Consumer prices are up 5.4% in the 12 months ended July, according to government statistics released Wednesday. This corresponds to the fastest annual price jump since 2008. Producer prices rose even faster in July, setting a record for the second consecutive month.

“I have been in the industry for 38 years and this is the highest inflation rate in our company,” said Orlando Oleive, senior director of operations for New York-based supermarket Morton Williams. "It's incredible how many things have risen in price now."

93% of wheat is poorly maintained in Washington state

Wheat prices are rising in part due to "concerns about dry weather and crop conditions in North America," according to the UN Food Agency. In particular, droughts in Canada and the northwestern United States have wiped out wheat crops.

The latest crop report released by the USDA says only 11% of spring wheat in six US states is in good or excellent condition. This is less than 69% a year ago.

In Washington state, 93% of spring wheat is in poor or very poor condition due to drought, according to the Drought Monitor.

“It was destroyed. Day after day, crops are getting temperatures never seen before,” Jauger said.

'Complete crop failure'

More than 95% of the western United States is currently in drought

"The droughts have led some farmers to completely stop growing some crops - a complete crop failure," Rosenzweig said.

Climate change is increasing the frequency and severity of droughts, according to the United Nations Intergovernmental Panel on Climate Change. A report released by the group this week says droughts, which previously only happened once in a decade, now occur 70% more often globally.

Chris Field, a professor of climate change at Stanford University, worries about how droughts and water shortages in California and the West will affect the supply of nuts, fruits and vegetables to America.

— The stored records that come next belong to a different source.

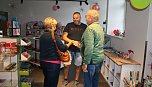 Neuer&ouml;ffnung in Kelbra (Foto: Ulrich Reinboth)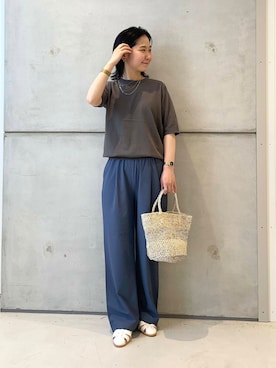 西野きよさん（レディース・152cm）の春コーディネート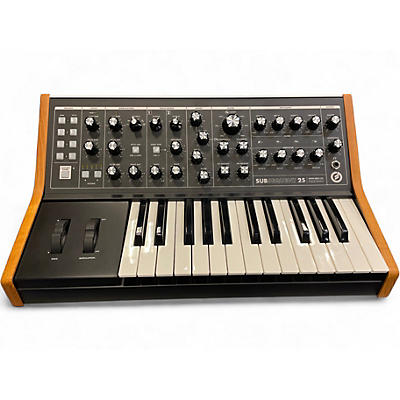 Used Moog SUBSEQUENT 25 Synthesizer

"So far, we are not seeing widespread increases in food prices for American consumers," Field wrote in an email. "But as extreme events become more frequent, the risk becomes more real."

Coffee and sugar prices are rising

But it's not just warm conditions that affect food supplies

According to a study by Texas A&M University, deep freeze in Texas earlier this year resulted in agricultural losses of at least US $ 600 million. This included the loss of livestock, citrus fruits and vegetables.

Very coldy damaged coffee crops in Brazil, raising fears of a serious decline in production.

Unfortunately, these climate-induced crop problems will only exacerbate the price shock that has swept America.

"If demand stays the same or even rises as restaurants open and supply is limited, this will naturally lead to higher prices, which the consumer ultimately pays," said Bartaschus, an analyst at Bloomberg Intelligence.

Even before unusually cold temperatures in Brazil, US retail coffee prices rose in part due to a drought in Brazil. The average ground coffee price in April reached $ 4.75 a pound, the highest in nearly six years, according to the Bureau of Labor Statistics.

Although coffee prices have retreated since then, frost in Brazil threaten to reverse this process.The impact on consumers may not be immediate due to the way large companies purchase coffee beans (and other commodities).

Starbucks (SBUX) said last month that consumers will not be forced to spend more on coffee as the company buys coffee beans in advance and fixes prices.

There is little doubt, at least for Jauger, that climate change is to blame for the simultaneous impact on different cultures.

"The odds of all of these parts working against the crop are one in a million," he says. "Evidence that this change in weather is overwhelming."